During the following summer, the notion that Lee represented something more pervasive hardened when an audit found that two disks containing sensitive nuclear weapons design information were missing from the vault where they were normally stored (Santa Fe New Mexican, 2000). Coming before the charges against Lee were dismissed, this discovery amplified perceptions of what USA Today (2000: 26a) called “a culture of security sloppiness” at Los Alamos. Senators, reported the Atlanta Journal-Constitution, were accusing the labs of “being encased in a culture of indifference and arrogance” (Guthrie, 2000). One senator, Richard Bryan of Nevada, was said by the Las Vegas Review-Journal to be deeply concerned about “a culture of seeming unconcern about security” at not just Los Alamos but other nuclear weapons facilities as well (Tetreault, 2000). The Albuquerque Journal (2000) editorialized: “[D]ue for some attitude adjustment is the scientist-king culture in the national laboratories, which has resisted past attempts to bring greater security and accountability into the workplace.”

The missing disks showed up behind a copy machine at the lab within a few days of being reported missing. It was generally believed that a scientist had taken them to his or her office without returning them in a timely fashion. If so, they would have been kept in a safe in the scientist’s office, and the disks’ contents would not have been compromised. In other words, they were assumed to be the classified equivalent of overdue library books. Nevertheless, an onslaught of investigation and reform ensued. FBI agents descended on Los Alamos, administering polygraphs to weapons scientists, commandeering their offices, and, in some cases, dragging them from their beds in the middle of the night and driving them two hours to Albuquerque for interrogations. A new federal agency, the National Nuclear Security Administration, was created to superintend the weapons labs and a general, Eugene Habiger, was put in charge of overseeing security at Los Alamos and Livermore. Meanwhile, weapons scientists were taken away from their weapons work for retraining, and new security procedures were adopted-whether necessary or not. One of the country’s most senior nuclear warhead designers was dejected that summer when I visited Los Alamos and found him going through all of the secret papers in his locked file cabinets, complying with a new management directive to stamp “secret” on the second-to-bottom page of each report in case the bottom page, already stamped “secret,” fell off. This is what he was doing instead of ensuring that the warhead assigned to him was in good working order.
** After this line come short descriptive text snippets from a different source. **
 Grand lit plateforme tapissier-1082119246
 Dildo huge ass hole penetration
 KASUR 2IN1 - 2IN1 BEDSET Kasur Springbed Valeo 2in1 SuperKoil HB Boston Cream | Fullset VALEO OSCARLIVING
One legacy of the Lee and missing-disk incidents was a widespread narrative in the media and among political officials that the scientists of Los Alamos had developed a culture of arrogance and noncompliance, and that US national security was endangered by it. This increasingly powerful perception was, to a considerable degree, grounded in processes of collective misrecognition. While Lee had made illicit copies of weapons simulation codes, all but one of the criminal charges against him were found baseless, and the weakness he had exploited in the lab’s security system was immediately closed through the removal of floppy disk drives from lab computers. Nobody else would ever be able to make copies of weapons codes as Lee had.

As for the missing disks, their brief sojourn away from the vault was surely a product not so much of a dysfunctional culture at Los Alamos but of the difficulties posed by its built environment. Los Alamos’s sister lab in Livermore did not have problems with missing disks, partly because it had moved to a diskless system, accessible by secure cable, for much of its classified data and partly because it did not insist on a central repository for all removable disks at the lab. With Los Alamos’s requirement that disks be stored in a central repository, although they were used by scientists spread across several mesas within a vast territory, the lab had a situation almost guaranteed to generate missing disks. Still, it is easier to blame nuclear weapons scientists for a “culture of arrogance” that fits populist sloganeering about overeducated elites than to investigate structural factors and material practices that may be causing problems.

Act 2: The admiral butts heads with scientists

In 2003, the director of Los Alamos stepped down. John Browne, a physicist who had worked his way up through the ranks, was weakened by the Wen Ho Lee affair and the case of the missing disks, as well as by a subsequent scandal involving lax oversight of procurement at the lab (Walp, 2010). Browne’s successor was Pete Nanos, an admiral who, George W. Bush hoped, would bring the discipline of the nuclear Navy to the longhairs of the lab. Shortly after he was appointed Nanos announced that he planned to “drain the swamp” at Los Alamos (Hoffman, 2003).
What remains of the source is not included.